-- Opening Marker --

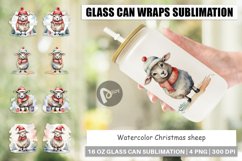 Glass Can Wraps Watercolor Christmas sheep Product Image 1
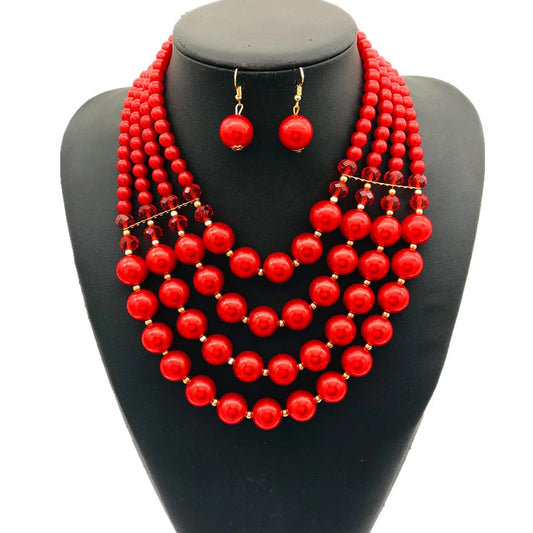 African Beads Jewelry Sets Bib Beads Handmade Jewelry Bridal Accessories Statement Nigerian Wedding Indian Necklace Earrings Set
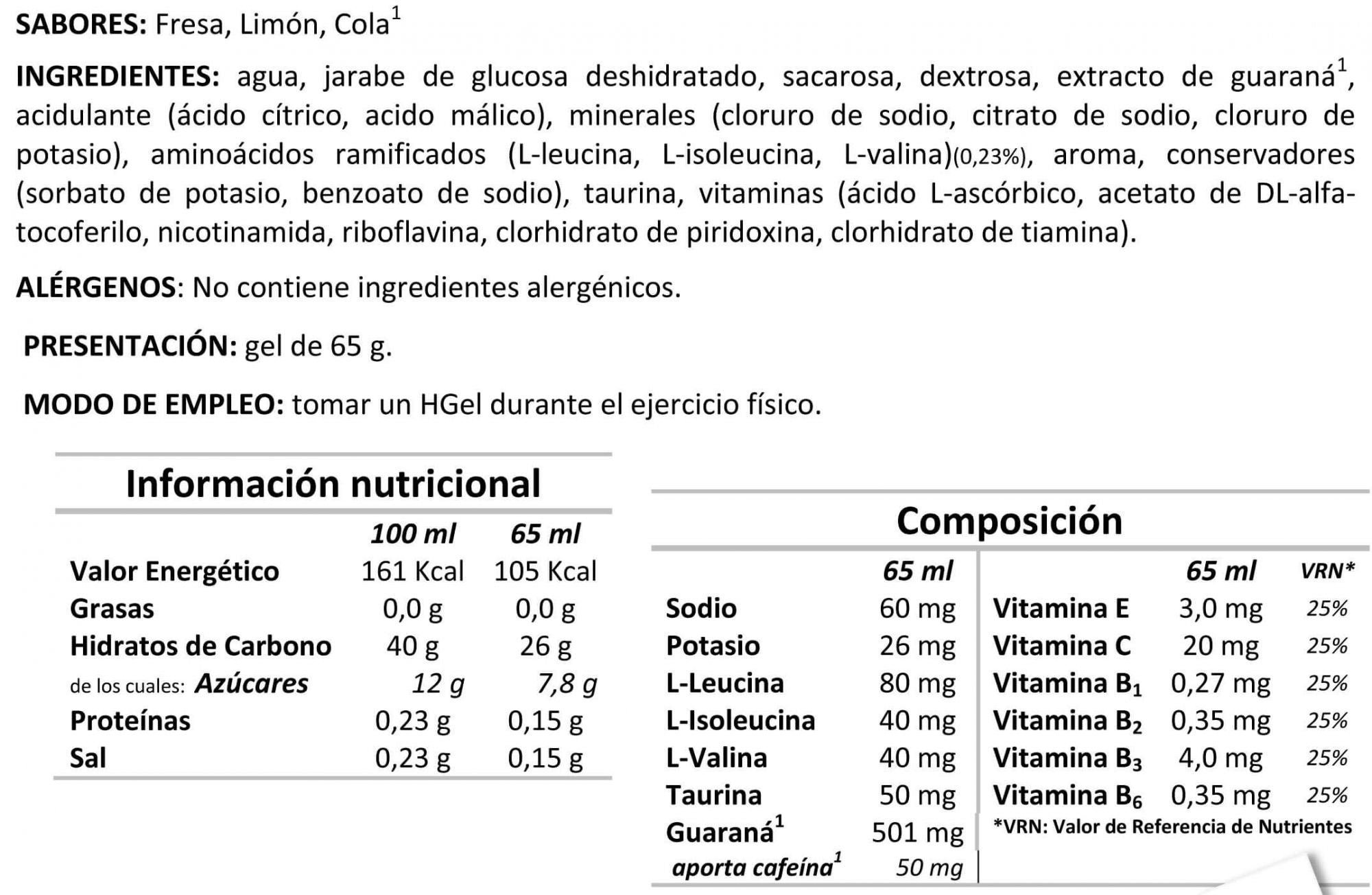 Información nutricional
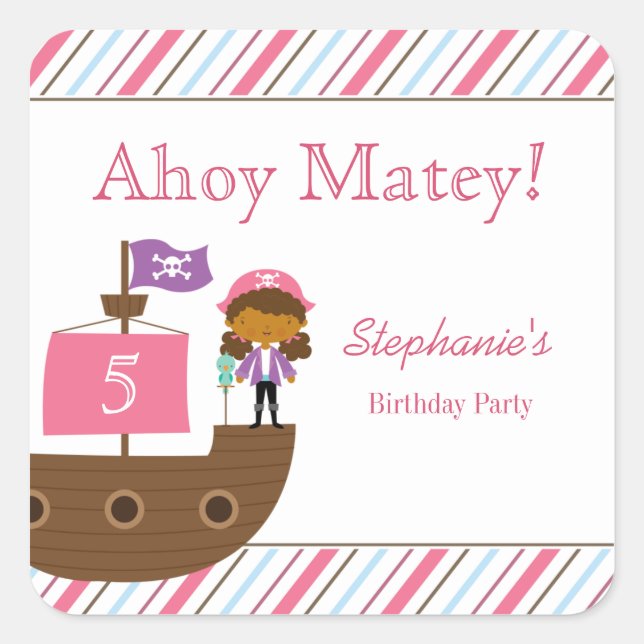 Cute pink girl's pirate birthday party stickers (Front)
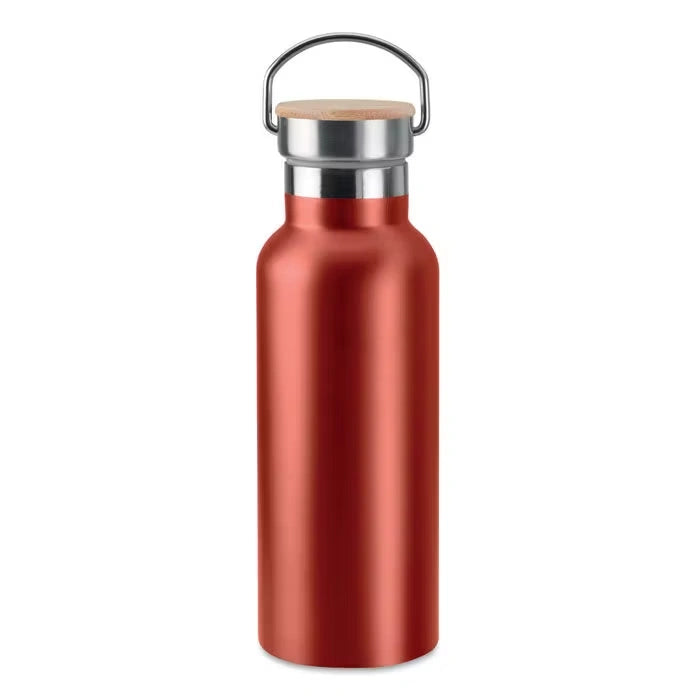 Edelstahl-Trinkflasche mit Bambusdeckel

-- Closing Marker --

● **Task details**:
Transcribe every line from the one containing "Información nutricional" to the end of the listing, exactly and exclusively. Do not carry any picture over.

● **Problem solution**:
 Información nutricional
 Cute pink girl's pirate birthday party stickers (Front)
 Edelstahl-Trinkflasche mit Bambusdeckel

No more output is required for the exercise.